I’ll try and keep focused on the technical details of how we build for events like this, but it’s important to understand the value of this overall—in terms of lost business (people being unable to visit the site), brand reputation, and other measures. There’s a big impact to us continuing to be available, and it’s a trade off against the value that provides the business.

How did we manage this? And how did we deal with the problems we did have? There were a few things which helped. A number of our core systems are still in our own data centres (and were thus unaffected); we deployed some of our important systems in AWS in a multi-region setup; we have some critical stuff in S3 (which wasn’t affected by the outage); and there’s some great work our teams have done in the architecture and building of our systems, and their operational delivery, that have led to this resilience.

Services in the (Old) Data Centre

Some of our core systems are still located within our data centre. Obviously these were immune from the AWS failure themselves, but many depend on AWS hosted systems behind the scenes. We’ve built (most) of these to degrade gracefully when there is a failure. So whilst the services themselves weren’t affected, often times systems they depended on could be. In these cases, we tended to handle any unavailability gracefully.

Designing For Failure

Running so many different systems, which all connect up, it’s inevitable that some will fail. We know that in this micro-service heavy, cloud based world we live in, systems can’t always be relied on. So we need to build our websites and apps to still be usable in event of failure of some of the systems they depend on, and have their experience degrade gracefully when problems do occur.

In the case we experienced on the Sunday in question, our ad server was unavailable. Some of our experiences slowed down as a result of this, and one of our apps ended up being broken. It provided a good lesson for us in what can go wrong and how we could handle things better. On our main website, consumers wouldn’t have noticed, except for the absence of ads.

Choosing to deploy onto S3

One of the ways in which we try to minimise our risk is by choosing appropriate patterns for our applications. For our homepage, and certain other systems, they’re usually just static assets (HTML, CSS, JavaScript, images) with perhaps some Javascript, all executed client side.  For these types of applications, we deploy straight to S3 buckets, a form of serverless architecture (which is so trendy these days!).

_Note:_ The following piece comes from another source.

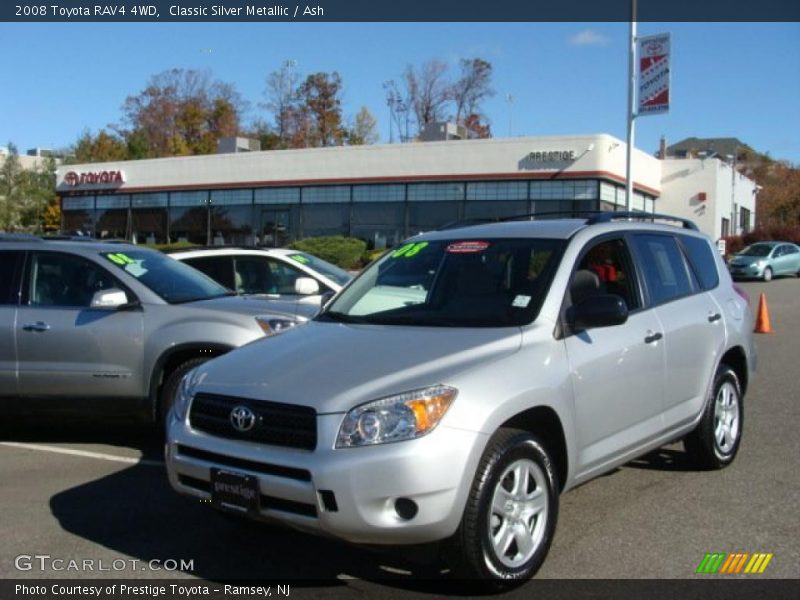 Classic Silver Metallic / Ash 2008 Toyota RAV4 4WD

S3 by its nature is more durable than an EC2 instance, and more likely to survive an AZ failure. It’s multi-AZ by default, and while the events of the weekend have shown that just being mutli-AZ isn’t necessarily enough to be resilient to an AZ failure, the S3 service held up well.

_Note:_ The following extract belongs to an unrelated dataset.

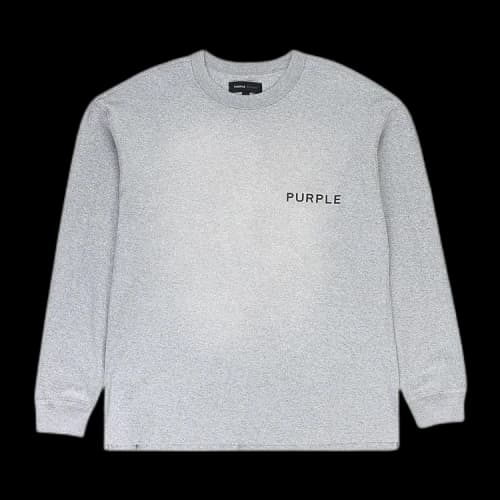 PURPLE BRAND Textured Jersey Long-Sleeve Tee 'Heather'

From that perspective a number of our services were fine during the issue by virtue of being hosted on S3.

Running a Multi-AZ Setup by Default

Almost all of our production systems are multi-AZ where possible. This helps, because AZs are meant to be independent of each other, and so an issue in one won’t affect resources in another. For much of the outage on Sunday, this was sufficient to keep systems running (albeit in reduced redundancy state) during the outage.

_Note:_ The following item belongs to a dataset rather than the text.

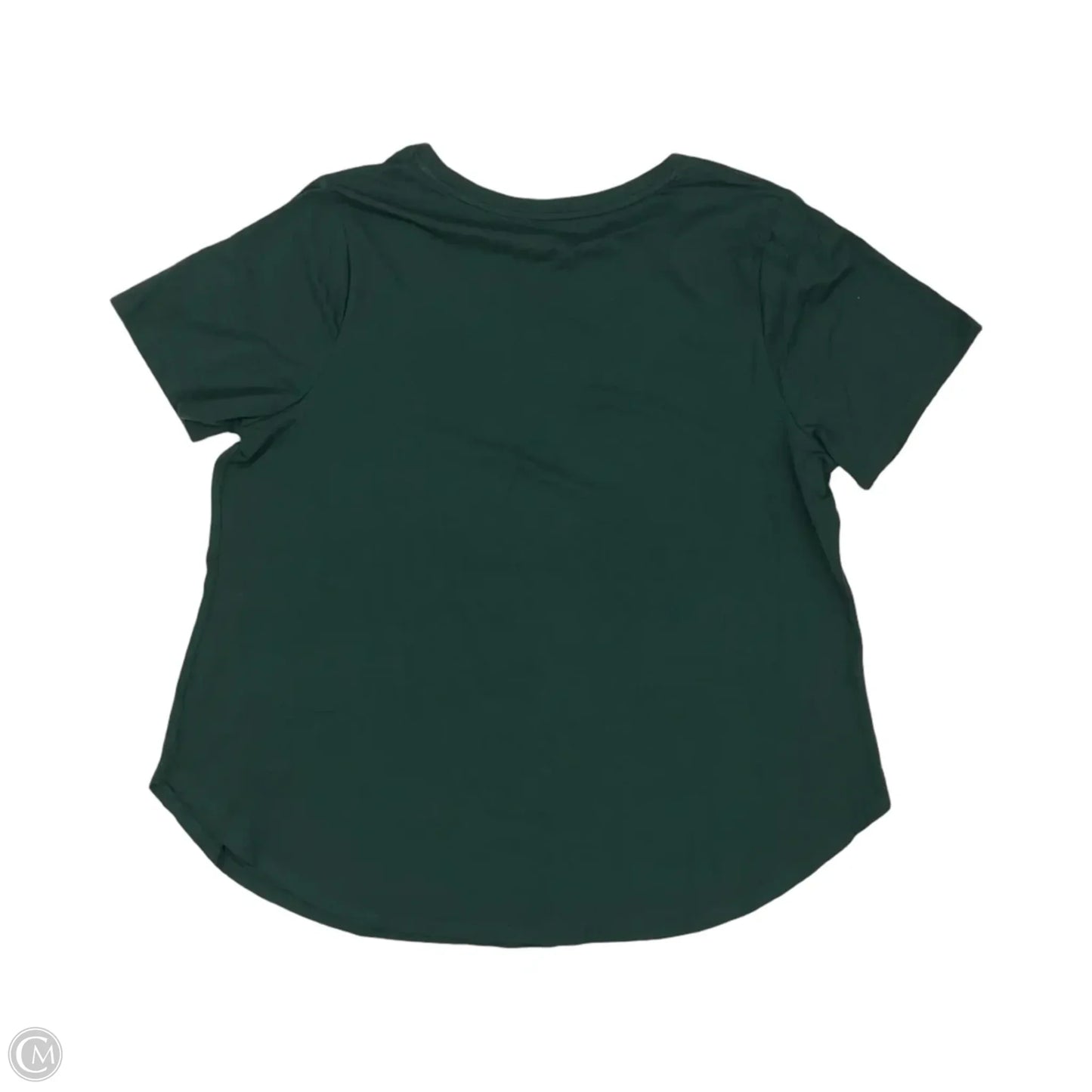 Top Short Sleeve Basic By Ava & Viv In Green, Size: 1x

This isn’t infallible though. We noticed a couple of ways this didn’t help. One is when services aren’t available to be run in multiple availability zones, or to fail over automatically. Redshift, for example, is single-AZ only.

If we need resilience of a service, and it’s not available in multi-AZ mode, then we’ll consider what else we need to do to provide the necessary level of availability (for example, multi-region as described below).

There were other multi-AZ issues we observed during the event. Because of Amazon’s issues internally, a number of their APIs for controlling AWS weren’t working, meaning that we had reduced or no control over our resources. This meant a loss of redundancy, and when events did happen, they happened with unexpected consequences.

So there were some weird things happening once the affected AZ had begun to recover which caused us some problems. In a lot of cases, new instances were taking a long time (up to an hour!) to register with an ELB (Elastic Load Balancers – resources AWS provides to balance load across multiple servers) once their ASGs (Auto Scaling Groups – an AWS resource which controls starting and stopping EC2 instances to ensure you’ve got enough instances running to handle your load) had started them up and declared them healthy. In one case this resulted in a service outage.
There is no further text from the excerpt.